Getting Started With Clojure
First, Clojure runs on the JVM. Yes, it means you can use Java libraries (including the standard library) from inside your Clojure projects, pack them as jars, etc.
Clojure comes with a read/eval/print loop tool called clj that lets you evaluate code instantly. Unfortunately, the REPL doesn’t come with some handy features like historic and tab completion by default, but you can add these via IClojure.
I couldn’t resist the idea of aliasing the REPL as clojure to call it via the command-line, so here’s what I did:
alias clojure="java -jar ~/Library/iclojure-1.0-SNAPSHOT.jar"
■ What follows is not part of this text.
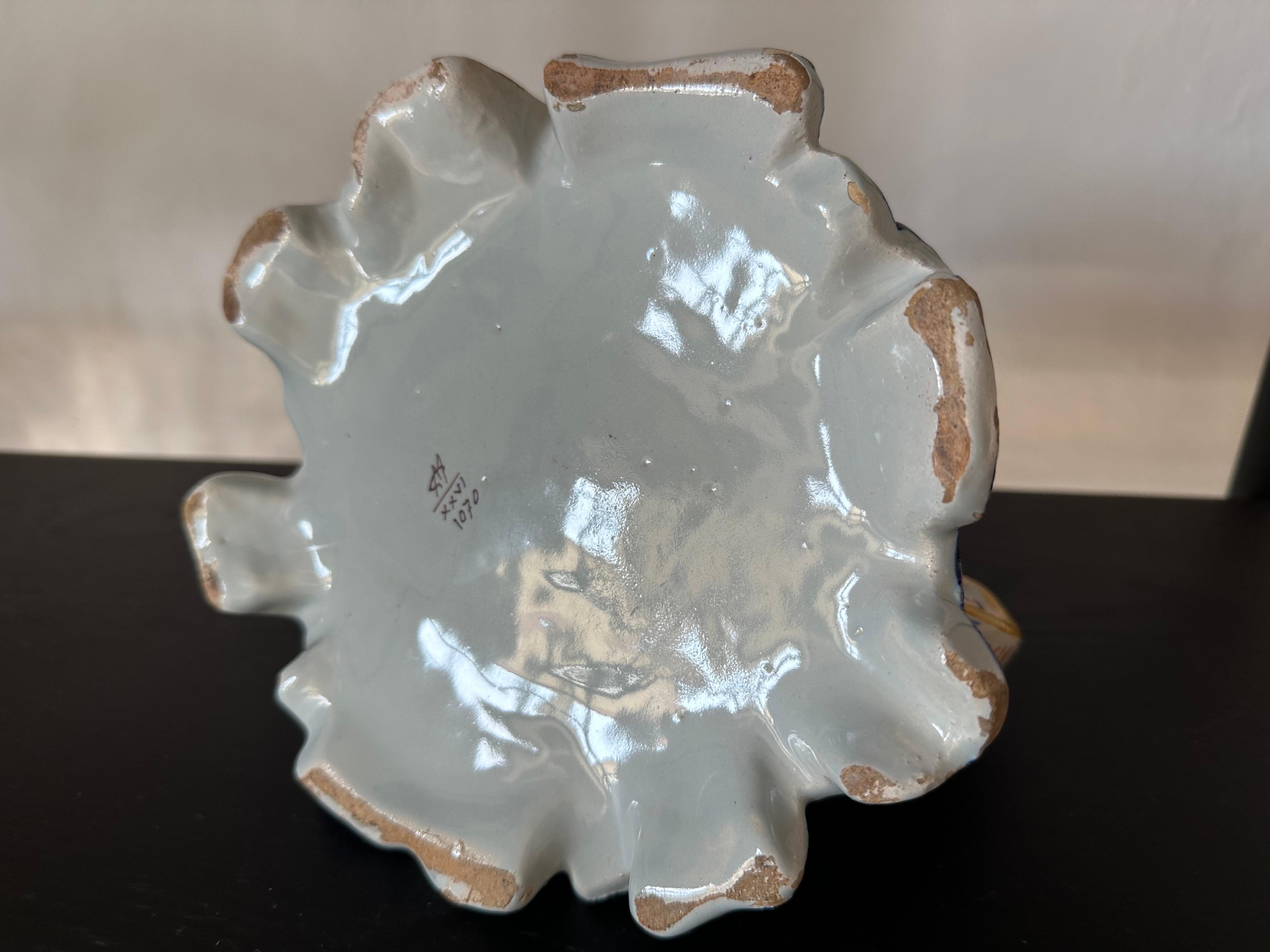 Cache pot d'arlequin en faïence française du 19e siècle, expression double face de Rouen en vente 1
There’s a build and automation tool for Clojure projects called [Leiningen], or lein. Leiningen may be used for open source and private code. It’s widely adopted throughout the community and is very mature.
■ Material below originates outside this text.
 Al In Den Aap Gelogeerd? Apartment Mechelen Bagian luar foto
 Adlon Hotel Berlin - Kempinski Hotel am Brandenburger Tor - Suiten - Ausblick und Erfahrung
Clojure open source projects are often shared as Java Archives in the Clojars repository.
A project using lein must have its specification defined within a file called project.clj similar to a package.json in Node.js projects or to a .gemspec file in a Ruby Gem.
Here is a sample project.clj from Leiningen’s README:
(defproject myproject "0.5.0-SNAPSHOT" :description "A project for doing things." :url "http://github.com/me/myproject" :dependencies [[org.clojure/clojure "1.2.1"] [org.clojure/clojure-contrib "1.2.0"]] :plugins [[lein-ring "0.4.5"]])
There was also another build tool for Clojure called cake. But apparently it has been discontinued.
The project’s GitHub Wiki has a Start Guide with detailed information about the compilation methods and options.
A more in-depth look at ClojureScript is provided by this blog post by Stuart Sierra on the Clojure Blog.
The current de facto web framework for Clojure is Noir. Noir is very straightforward and easy to use, it also seems to be inspired in Ruby’s Sinatra so if you come from Ruby you’ll have a good time using it.
Alternatively, composure is another web framework that apparently was inspired by Sinatra, too.
Also, there is clj-http, a HTTP library with a very concise API. If you want to send request to web pages, get response and etc, I highly recommend you to use it.
Clojure has some good ORMs, at the time of this writing, there are already mature libraries for connection to many databases:
- Korma – for Postgres, MySQL, Oracle, Microsoft SQL
- congomongo – for MongoDB
- clj-redis and redis-clojure – for Redis
- clutch – for CouchDB
Of all these, Korma is the one that amazes me more. What a beautiful API it provides! Anyway, if you think that some adapters are missing, remember that you can use a library written for Java such as the riak-java-client by Basho.
You may already have heard about how Clojure approaches concurrency. You may have heard good things ;). In fact, one of the goals of the language is to offer full multi-threaded programming ability, via its functional programming techniques and other features like Atoms and Refs. IBM is got a very complete article on Clojure’s concurrency model.
Heroku announced, several months ago, that it runs Clojure apps. Also, remember that Clojure projects can be easily packed as jars thus it can easily run on Google App Engine. In fact, whenever JVM is available, Clojure may run.
There are known places where the community hosts open source Clojure code, one of them is the already mentioned Clojars and the other is The Clojure Toolbox, which is organized by sections/categories…reminding me of The Ruby Toolbox. Also, don’t forget that GitHub keeps a directory for listing repos by their dominant language, and Clojure is also featured!
If you read this post until here, then I assume you’re kind of excited with Clojure, too. So I have here some links to resources on the Internet that will help you:
- clojure-koans – A set of exercises for learning Clojure
- disclojure – A website about all things clojure
- planet clojure – A blog that indexes many posts on Clojure from all over the Internet
- Clojure Blog – The Clojure official blog
I hope this blog post not only left you enthusiastic about Clojure but also helped you get started with the language and its ecosystem. See you in the next posts, I’ll write more about Clojure!